Darin werden nicht nur alle Klassen der J2SE beschrieben, sondern auch alle Libs die du später mal verwenden willst verlassen sich in Punkto Dokumentation primär auf Javadocs aus denen die entsprechende API-Doc generiert wird.


----------



## Guest (20. Apr 2007)

Wildcard hat gesagt.:
			
		

> Wenn du damit Probleme hast musst du unbedingt den Umgang mit der API lernen.
> Darin werden nicht nur alle Klassen der J2SE beschrieben, sondern auch alle Libs die du später mal verwenden willst verlassen sich in Punkto Dokumentation primär auf Javadocs aus denen die entsprechende API-Doc generiert wird.



ich werds nochmal versuchen. allerdings bin ich noch "relativ" neu in sachen programmieren und komme mit beispielen erstmal besser klar... ich weiß auch nicht, irgendwie ist mir das zu kompliziert...

das mit der deklaration hab ich jetzt verstanden.

nun soll das programm aber folgendes machen:

1. string wird nach eingabe des öffentlichen schlüssels in einem textfeld übergeben und in BigInteger gecastet
2. aus einem anderen textfeld soll nun der zu verschlüsselnde text übergeben werden. der muss aber dann für spätere operationen in ein array vom typ BigInteger gelegt werden.

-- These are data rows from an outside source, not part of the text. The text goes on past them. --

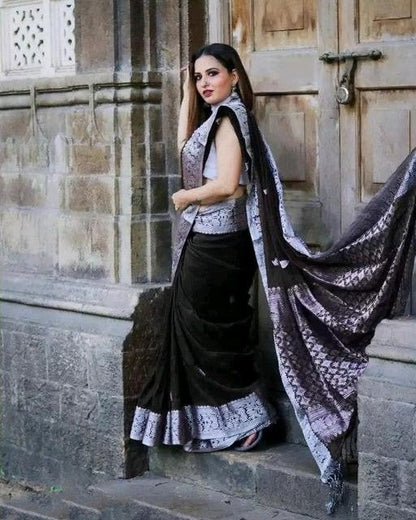 Siddhi Black Soft Silk Saree With Attractive Blouse Piece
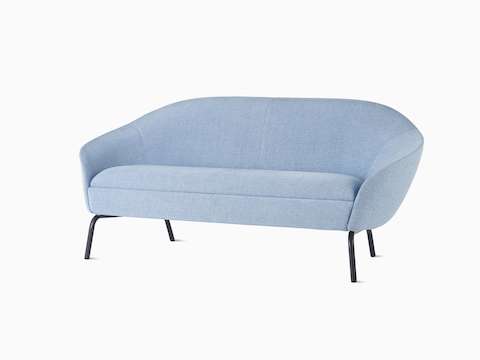 Vista frontale angolare di un divano a due posti Ever con imbottitura blu pastello e gambe in acciaio nero.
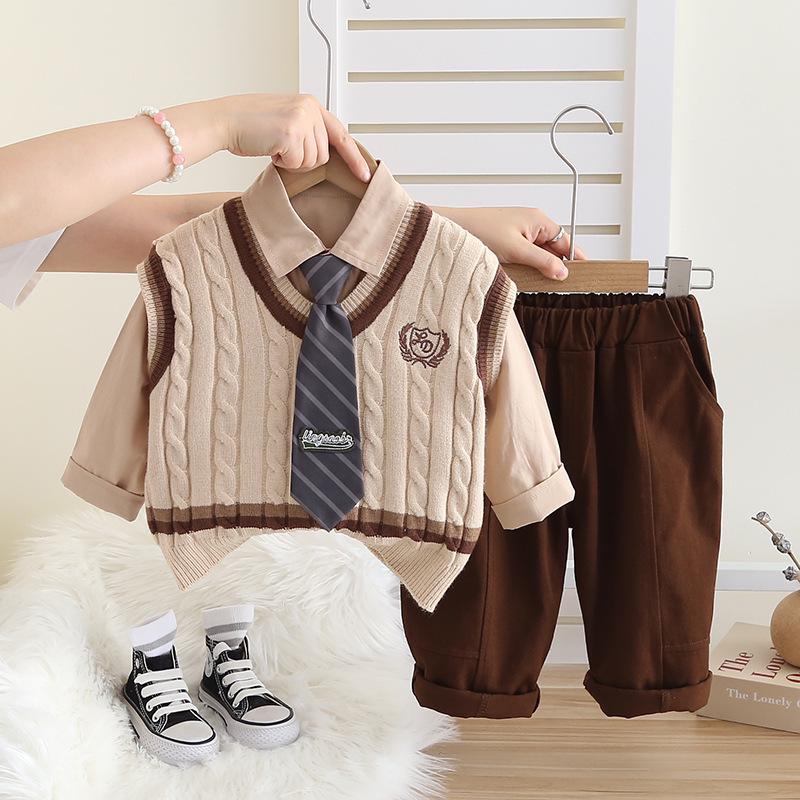Chlapecká třídílná pletená vesta v korejském stylu: Pohledný jarní/podzimní outfit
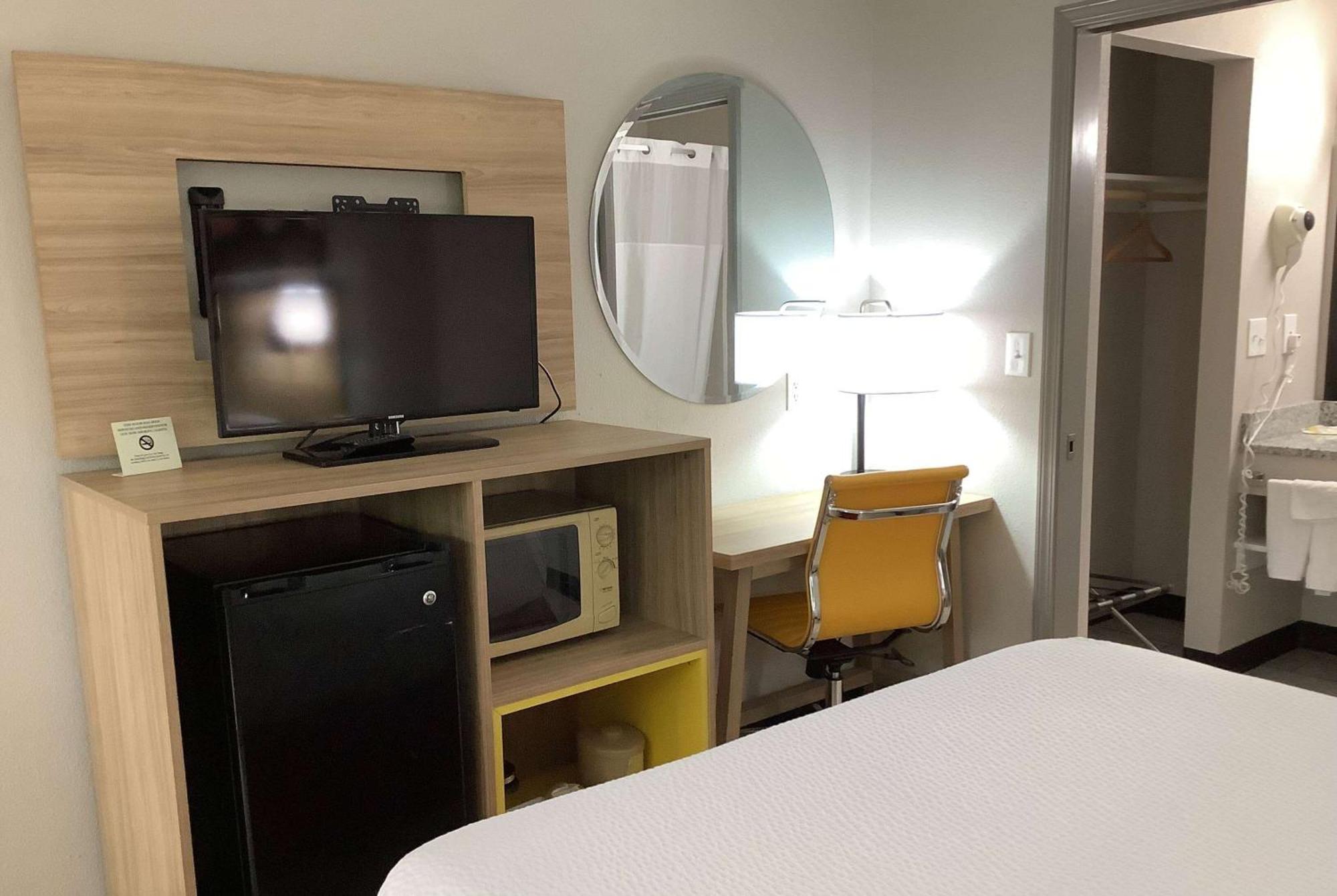 Days Inn By Wyndham Kingdom City Extérieur photo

ich wollte das so machen, dass ein zeichen in das ascii zeichen konvertiert wird (bei H wäre es z.b.72), weil ich ja schlecht character in ein array vom typ BigInteger ablegen kann, bzw. aus einen vernünftigen wert berechnen kann ^^... aber wie bekomme ich das hin? fuckel hier wirklich schon ewigkeiten...

danke


----------